◆ **WORK TO BE COMPLETED**: Here the job is to repeat the listing exactly, but not the pictures in it.

◆ **INPUT DATA**:
= = = = = = =
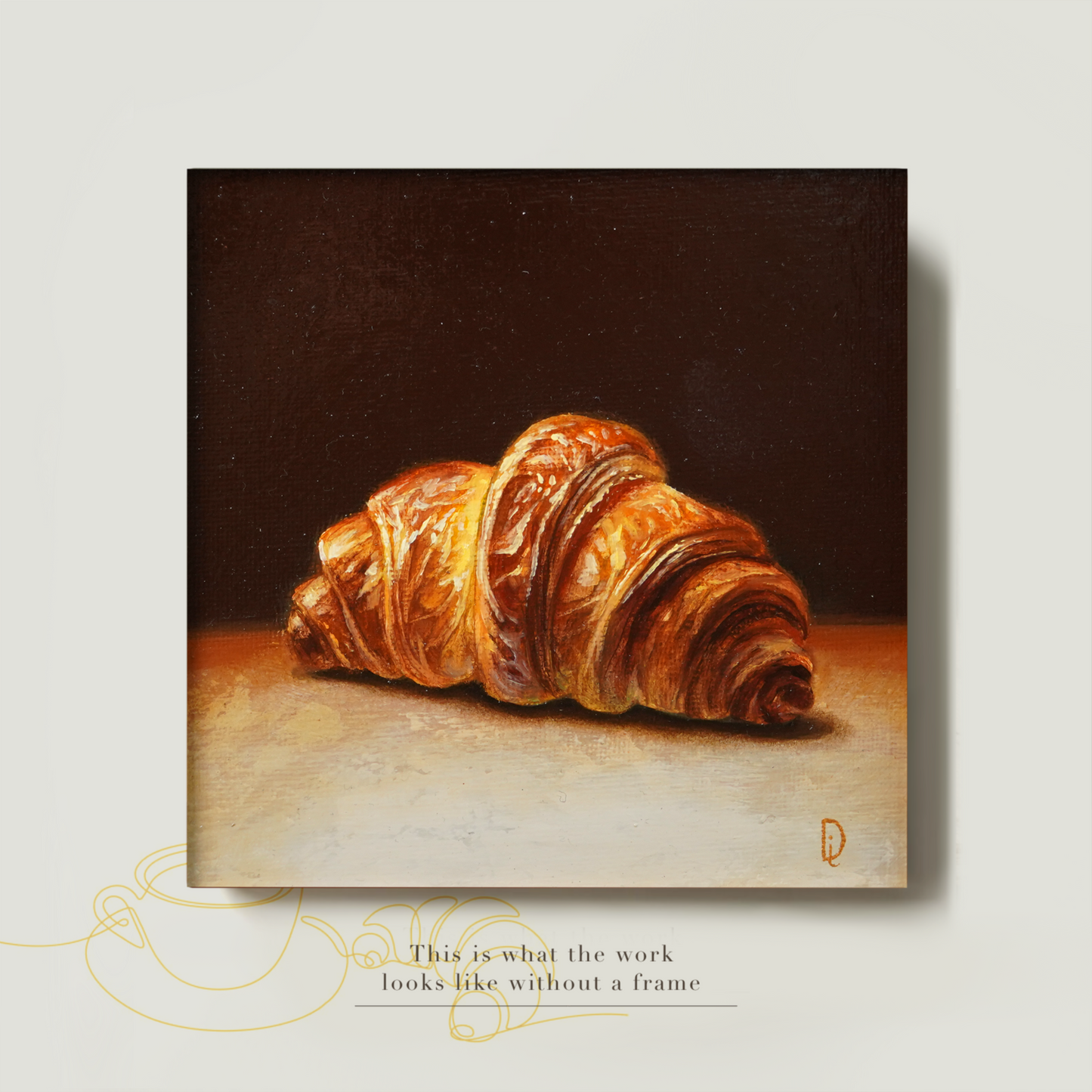 Original Croissant Miniature Oil Painting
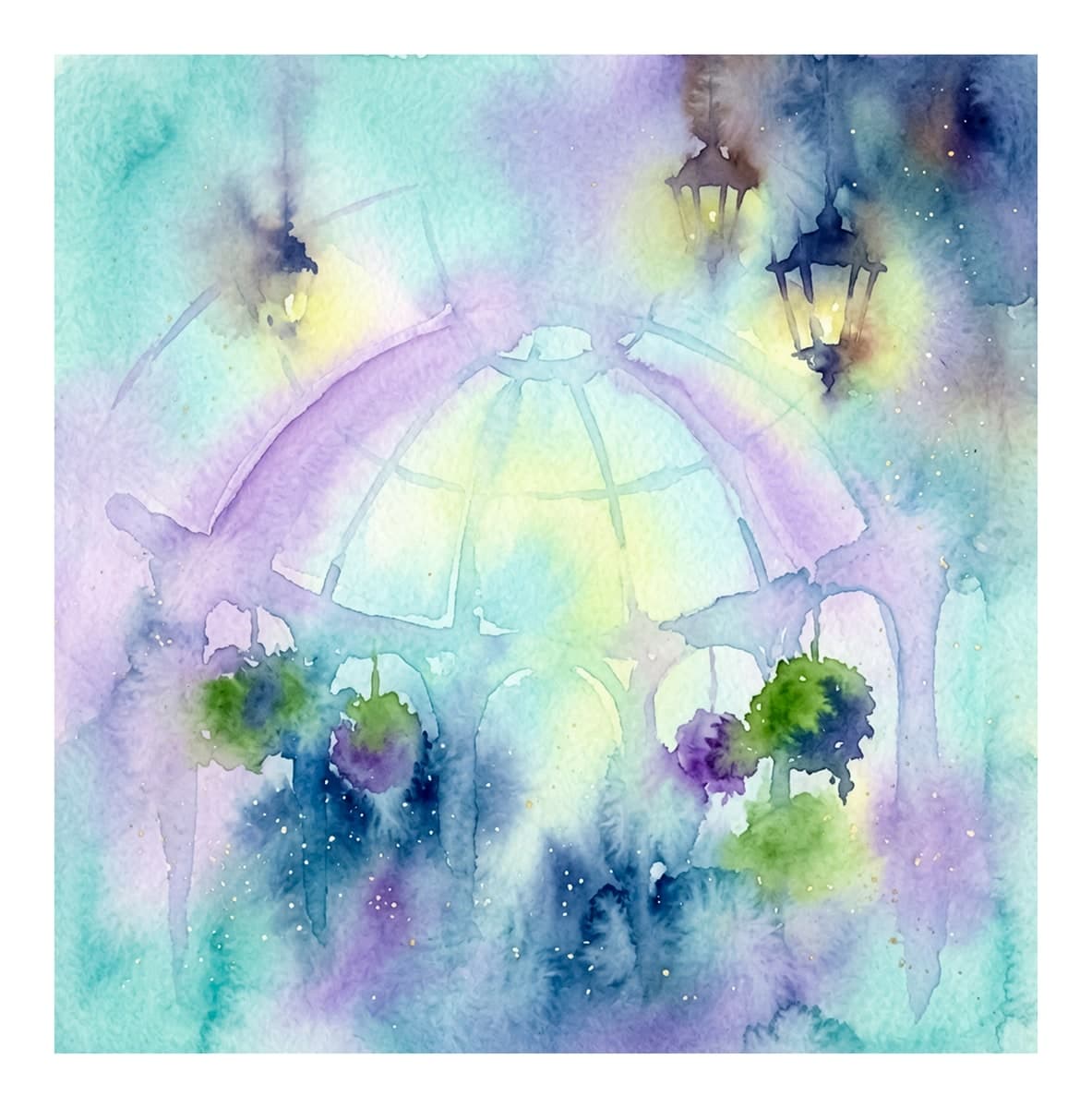Christmas Botanical Garden Reverse Coloring Book interior page 7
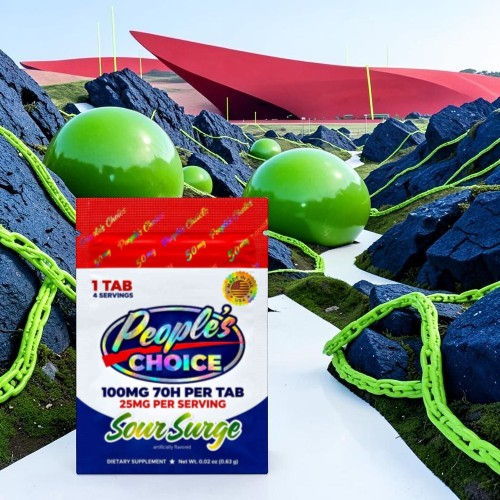 Box of People's Choice tablets on a colorful, abstract landscape with green spheres.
= = = = = = =
◆ **OUTPUT OF THE TASK**:
 Original Croissant Miniature Oil Painting
Christmas Botanical Garden Reverse Coloring Book interior page 7
 Box of People's Choice tablets on a colorful, abstract landscape with green spheres.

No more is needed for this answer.